After church, when I asked my sons what they thought of the dancing chief, they smiled and said, “that was cool,” and I could see they meant it. I recalled this past fourth of July when these two middle school boys ran from our house to meet their friends on a terrace at the local college, to hear a salsa band play. I remembered them scanning the clusters of people, then excitedly rushing over and grabbing the hands of their dance partners, making their way to the dance floor, eager to try out their new Latin steps, while fireworks sprayed the black sky.

Sunday, August 2, 2009

Some Stuff About Home and T-Shirts


Man, I wish there had been food for you. Leaving for a trip is always stressful, as much as I don't believe in that word, and I didn't do anything about leaving food.

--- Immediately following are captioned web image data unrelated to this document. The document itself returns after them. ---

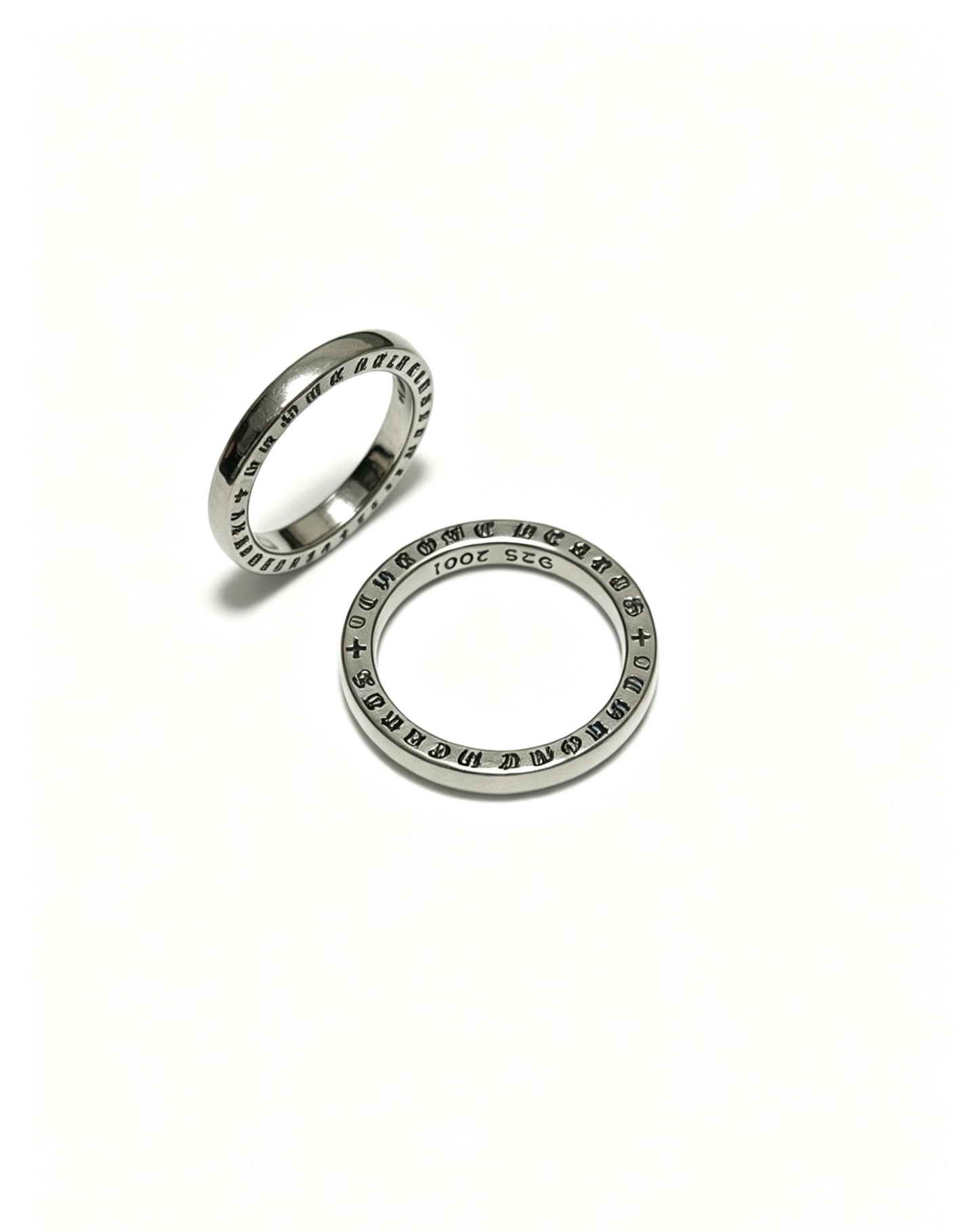 Cross Statement Ring in Metal-Tone – Design 01 main product view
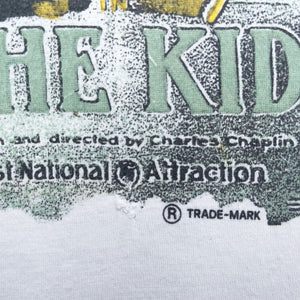 CHARLIE CHAPLIN 'THE KID' 80'S T-SHIRT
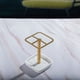 thumbnail image 2 of WORGEOUS Soporte de cepillo de dientes de baño Cepillo de maquillaje Soporte de acero inoxidable Base de resina Rack de almacenamiento de pasta de dientes, 2 of 9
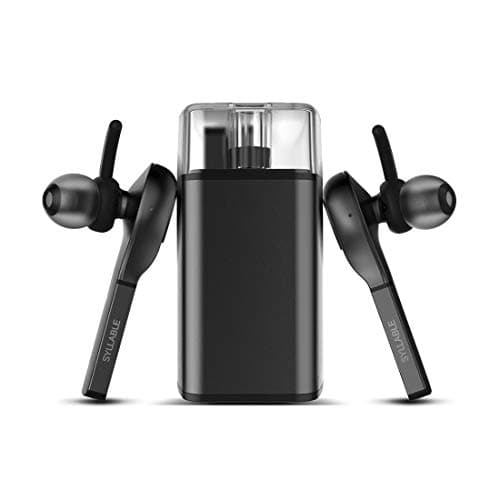 Syllable D9X TWS Bluetooth Lighter Replaceable Battery Case Chip Earphone Headset Wireless Earbud
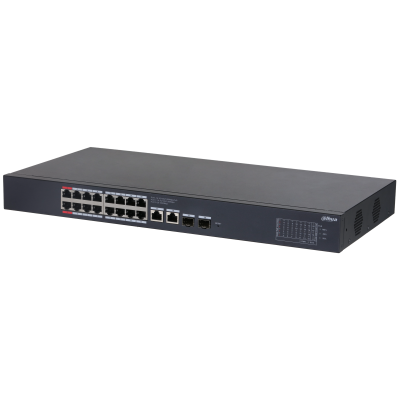 Switch PoE Dahua CS4220-16GT-240 16 Puertos Gigabit - imagen 2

I'm back at this desk looking at that ugly tree blocking out much of the world up against that house that blocks out much of the rest of it from here, and I realize how much of my mind is controlled by that tree. Some sort of scraggly cypress that doesn't belong here and has a vine climbing up it and strangling it. Impossible to ignore. Clear incitement to leave this desk and mobilize.
I had a dream this morning in which I met Patti Smith and she seemed to recognize me and gave me a big hug. We walked around a sort of industrial building by a rural highway, talking comfortably and in detail about things I don't recall. It seemed very normal but I was also intensely grateful for the warmth and the recognition. I told her how I saw her once in City Lights Books in San Francisco and how I was embarrassed to bother her, and about how I just smiled and bowed and turned away. She didn't remember of course but said that oh I should have come over and spoken.

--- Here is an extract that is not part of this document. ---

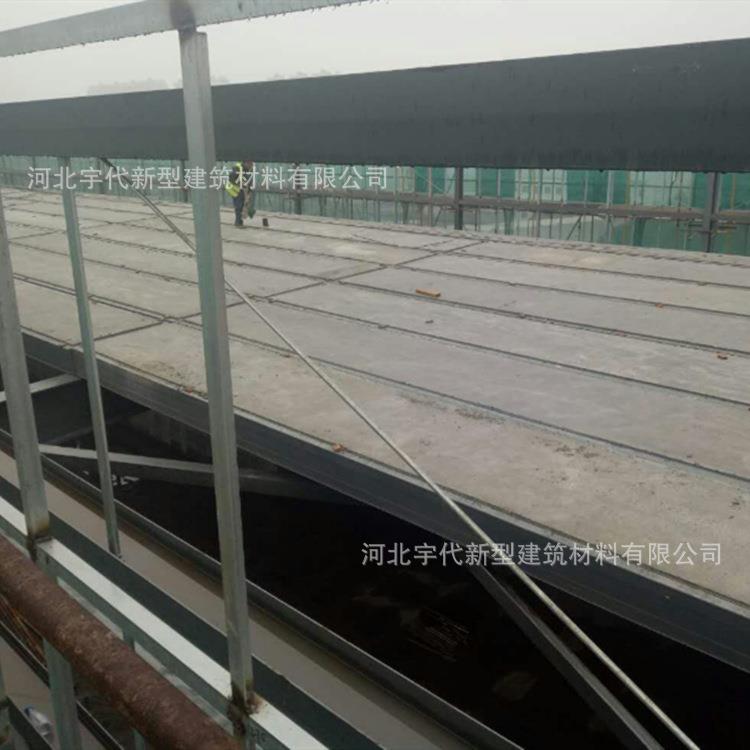河南漯河发泡水泥复合板钢构轻强板钢骨架轻型屋面板价格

America is very much on my mind, my need to regard America not as a finished thing but as scattered parts of a Make Your Own America kit that I'm working on. The girls and I stopped for ice cream in Lewisburg, PA this afternoon as we made our way back down to Baltimore from Rochester. It was a muggy Sunday afternoon and the place was swamped with post-church Americans and non-post-church Americans, so that nearly everybody was wearing either an unbuttoned dress shirt or a t-shirt with an image of the American flag on it. One said, "Tattered Glory, 2008." Not sure what that meant. Another said, "The Best Things in Life Are Free." That I get, although I wondered if the shirt's owner and I could have a real conversation about what it meant without both of us getting all embarrassed and reactive and tongue-tied and dumb. We all stood there sweating sea water and amniotic fluid, thinking about our horse in the race, waiting for our ice cream, rehearsing our orders. The ice cream was really good.
The mountainous parts of PA and NY are gorgeous, and this morning as we drove down a mist lay in the low areas which always makes the hollows look deeper, the peaks look more distant, higher. Beautiful and deep, so much beyond what you can see.

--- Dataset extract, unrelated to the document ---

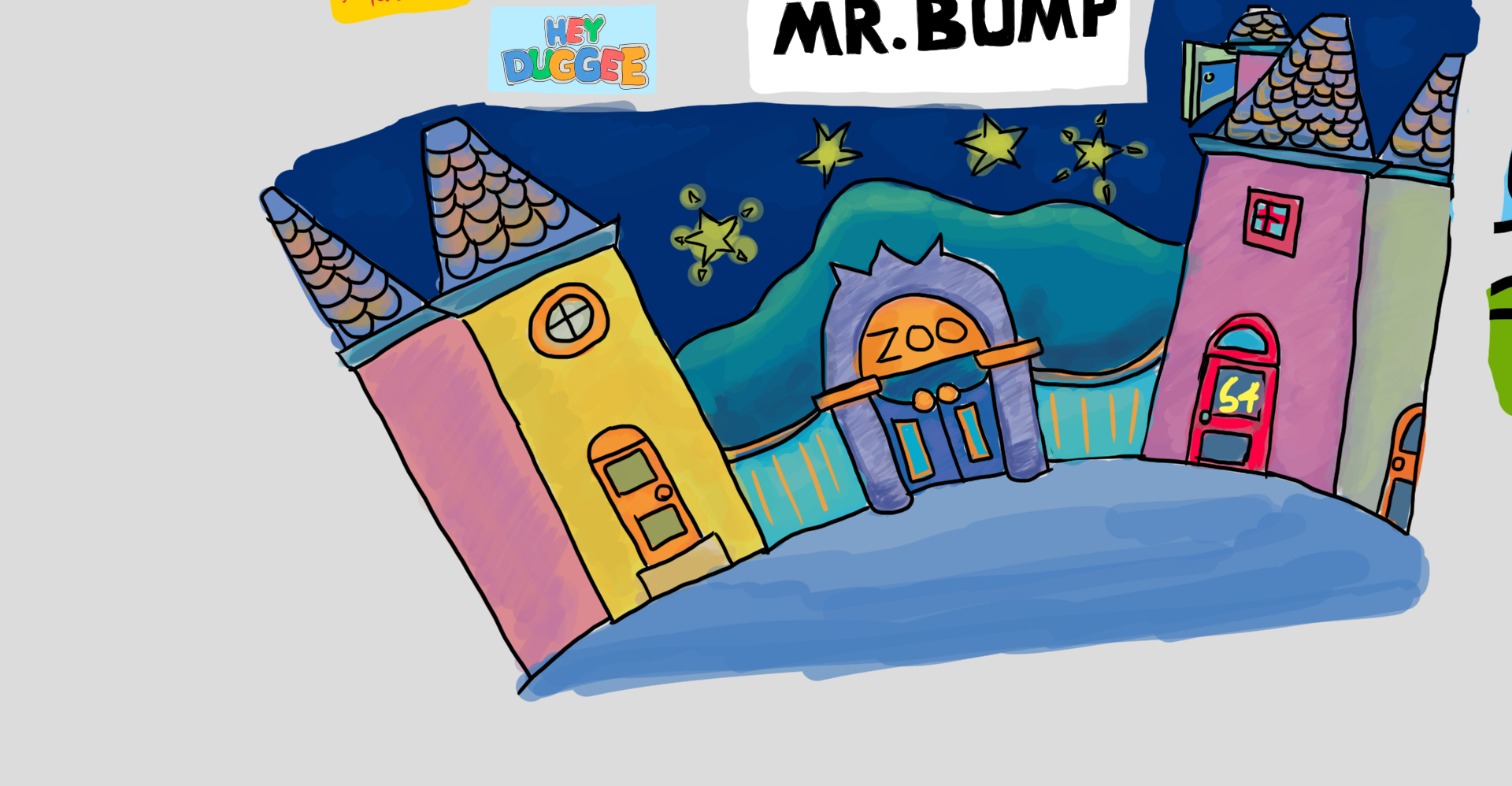 Environment designs 64 Zoo lane research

Stopping in these places reminds me so much of the earthiness and suspicion of the people I grew up with, and of how I love them and hate them. Of course there is no them, exactly, but there sort of is when they're in groups.
I'm going to go out tomorrow and buy a t-shirt with an American flag. Serious. And maybe I'll write "The Old, Weird America" across it. That phrase, half from Kenneth Rexroth and half from Griel Marcus, has been so much on my mind.
I think of Bob Dylan saying that he was born a looong way from home and he's been trying to get back ever since. Exactly right. So it's good to drive, even to the wrong place, good to see things, even if you hate some of them, good to be challenged with the raw fact of what exists, maybe especially t-shirts with American flags. American Fags: feels like that's the team I got drafted by long ago and I'm gradually coming to see the backwards logic of it. A fag and a Jew, I am, in the long, woman-hungry body of an American Southerner from California.